The PagerDuty service sits between monitoring tools and IT operations teams, enabling managers to centralize alerting policy while also allowing responders to customize how they get alerted when things break. The PagerDuty web app allows people to integrate their monitoring tools with the PagerDuty service and configure alerting policy. The mobile apps for iOS and Android enable people on-call to receive push-notification alerts, as well as acknowledge and resolve those alerts from their smartphones. In addition to push, PagerDuty can also send notifications via email, SMS, and phone call, providing teams with the flexibility and redundancy to achieve reliable alerting.
During the last quarter of 2015, I conducted a series of interviews to learn about our customers’ incident management practices. Rapidly engaging multiple responders for a given incident turned out to be a significant pain point, with coordinators spending up to 30-60 minutes manually looking up contact information and chasing people down via phone.

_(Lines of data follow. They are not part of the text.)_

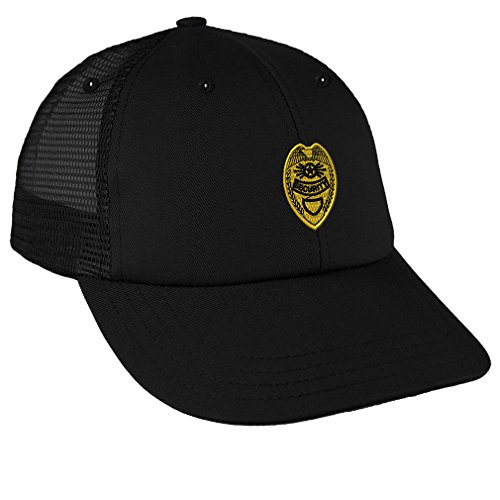 Speedy Pros Security Badge Gold Logo Embroidery Low Crown Mesh Golf Snapback Hat Black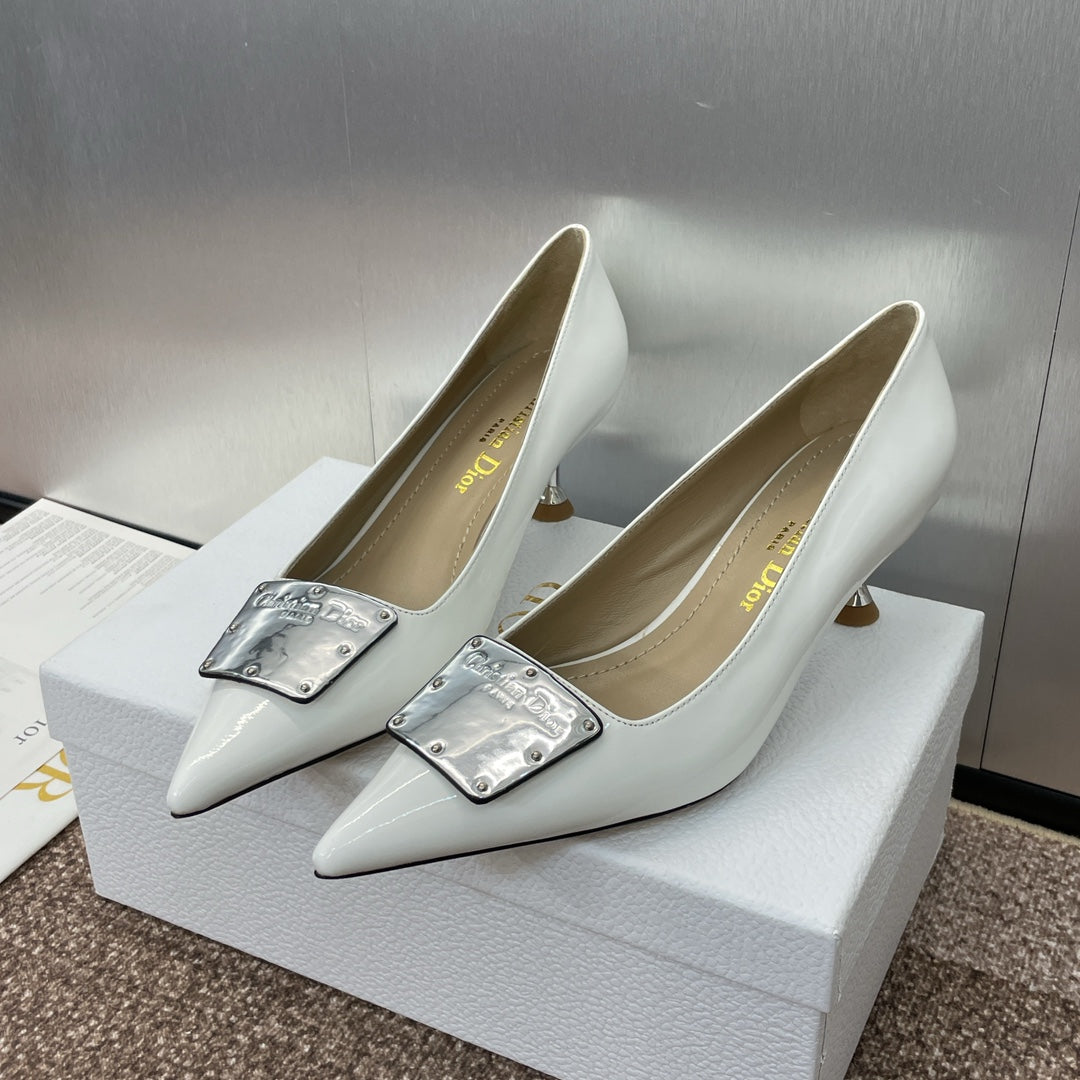DIOR Pumps 65mm Glossy White Cowhide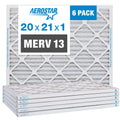 Aerostar Pleated 13 Air Furnace AC MERV Air Filter, 20x21x1 Pack 6 Filter,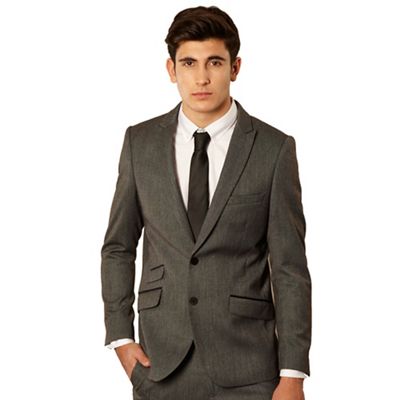 Grey herringbone tailored suit jacket                                                                                           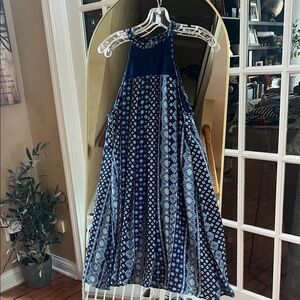 Elegant Blue Patterned Halter Dress
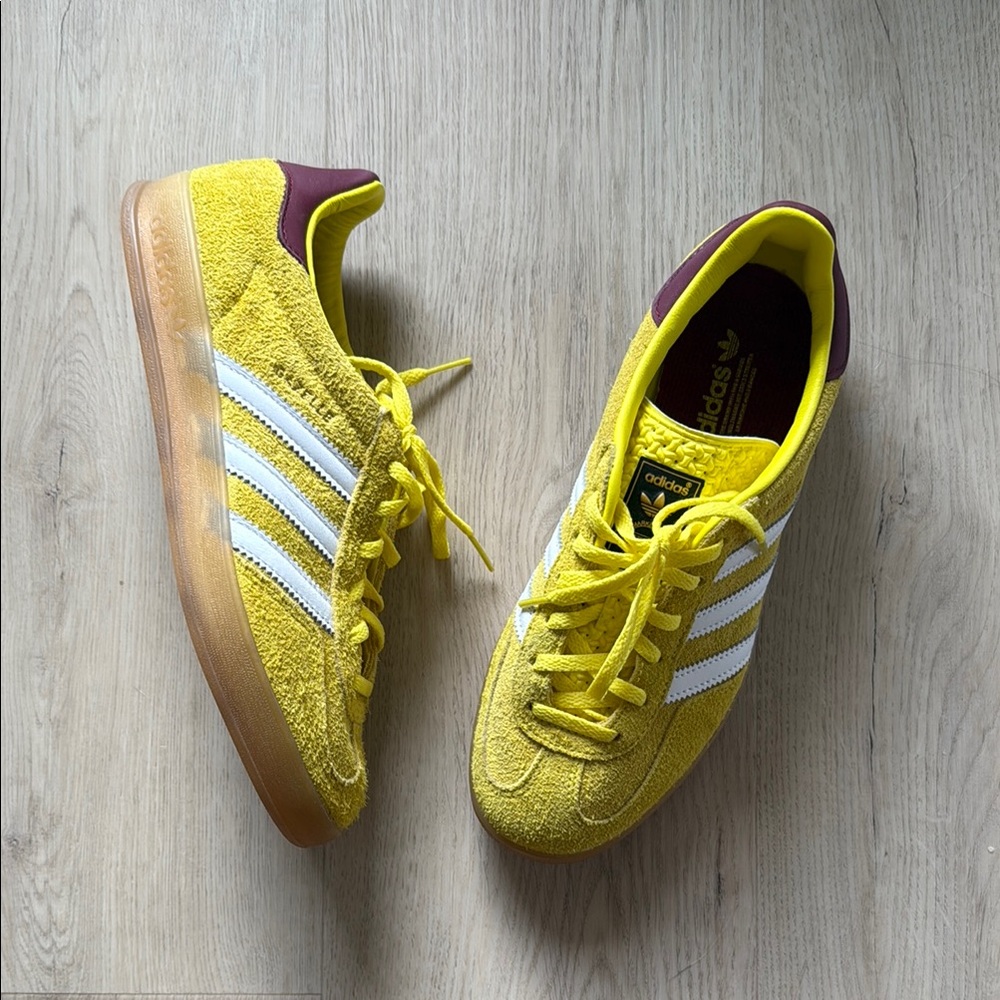 Adidas Yellow and White Sneakers Vibrant Design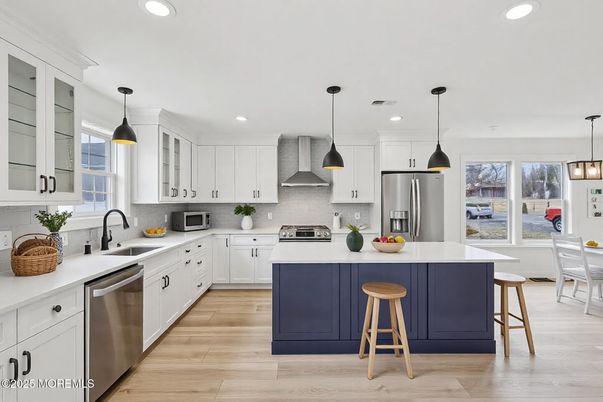 Interior, Kitchen, Pendant Lights, Recessed Lighting, Stainless Steel Appliances, Wood Texture Flooring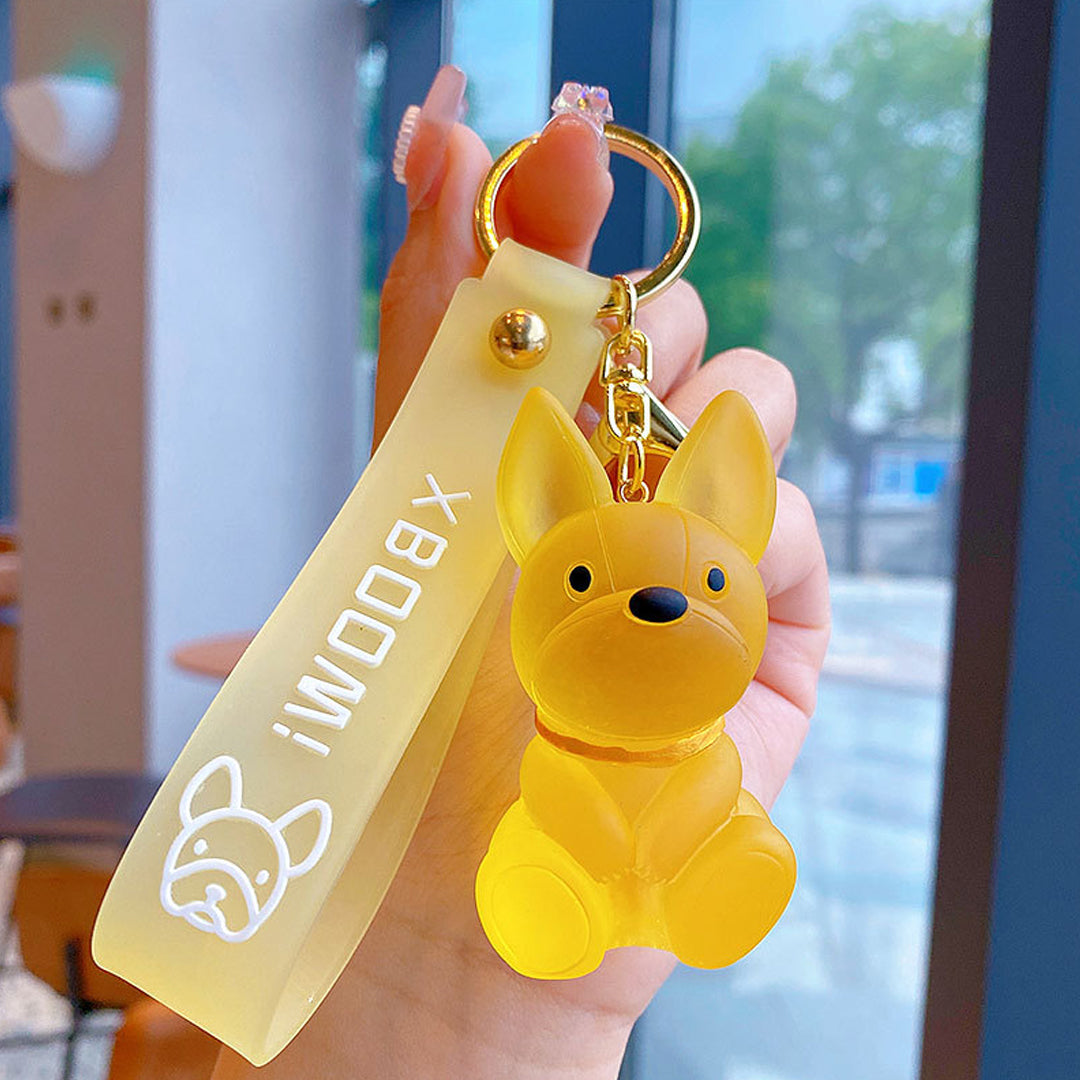 Frosted Resin Cute Dog Keychain - A Loyal Companion with a Stylish Strap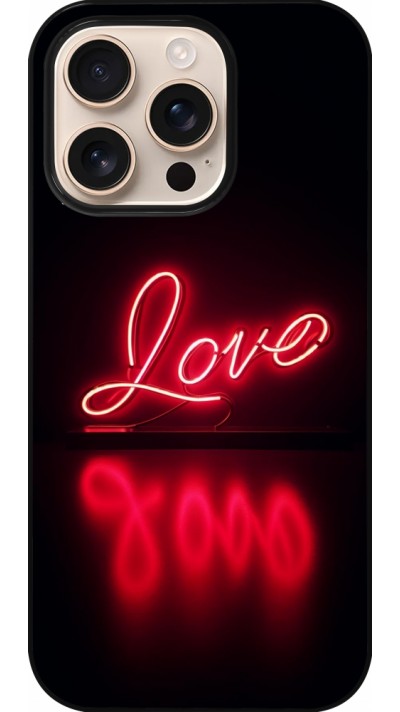 iPhone 16 Pro Case Hülle - Valentine 2025 Neon Liebe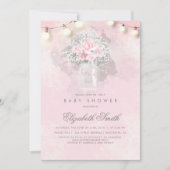 Baby's Breath en Pink Roses Rustiek Baby shower Kaart (Voorkant)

Even in organizations where they did leverage PagerDuty to contact people, they had to create a separate PagerDuty incident for each individual or team they needed to loop in, and then duplicate context and conference bridge information across all those PagerDuty incidents.
Customers needed an easy, fast way to recruit individuals (either specific people or the on-call for a specific functional area) from one or more teams to collaborate on an open issue and track participant status.
PagerDuty did not solve this problem because
- Although PagerDuty could notify multiple responders when an incident opened, the first acknowledgement stopped PagerDuty from notifying anyone further for that incident.
- Reassigning the incident dropped all people currently assigned.
- Without reassigning, users could not add anyone other than themselves to an incident.
- Creating one PagerDuty incident per responder and duplicating contextual information across all the incidents was a slow and error-prone process.
I proposed a research plan, sketched low-fidelity design concepts, and worked with my team’s product manager to identify and interview customers in our target market. Since we already had some insight into the incident management practices of these customers from the prior quarter’s research, this research sprint focused on the specifics of engaging people for a coordinated response (how they mentally organized the people they needed to reach, what tools they used, how they conveyed context, etc.) and gathered feedback on design concepts. I conducted interviews, synthesized data with my team, and summarized and shared findings with internal stakeholders.
My team iterated on the feature in two-week sprints, starting with capabilities core to the goal of getting people engaged in a coordinated incident response quickly and easily. While the developers worked on implementation and I provided UX reviews as needed, the product manager and I also signed up a small set of customers to provide early feedback on the experience. As the developers shipped functionality, we gathered internal feedback first, then released the changes to preview participants. The team instrumented the feature so that we could track when and how the feature was being used. I used that quantitative data in conjunction with first-time experience usability tests and post-preview user surveys to prioritize and inform design iterations.
As we approached our target launch date for general availability, I considered how this new feature fit into the existing product, how it would change our customers’ workflows, and how it might change how the market values PagerDuty as a product. We introduced the concept of a coordinated response into the product and, in doing so, declared that PagerDuty was no longer just a tool for notifying one person when something broke. Now it could help drive full-scale incident response from detection to resolution. In the run-up to launch, I communicated with product management, customer support, product marketing, and sales to provide a user-centric perspective on messaging for the feature.
The Response Mobilizer feature shipped in July 2016 with functionality on iOS, Android, and web platforms. Users could...
- create incidents in PagerDuty with up to 300 responders, specified as either individual people or someone from a functional team
- add responders to an incident already in progress
- respond to a request that someone else had sent to them to join a coordinated incident response
- view the status of any responder (pending, accepted, or declined)
Prior to this feature, it was impossible to track on the effectiveness of coordinated incident response in any meaningful way using PagerDuty. Customers didn’t cite this as a problem during discovery because they didn’t think of PagerDuty as a tool for measuring or understanding how they’re doing at incident response. Strategically, though, PagerDuty wanted to to provide this level of insight to operations managers. Not only did Response Mobilizer address a real and significant pain point for current users, it opened up new opportunities for PagerDuty to help organizations level up their operational performance.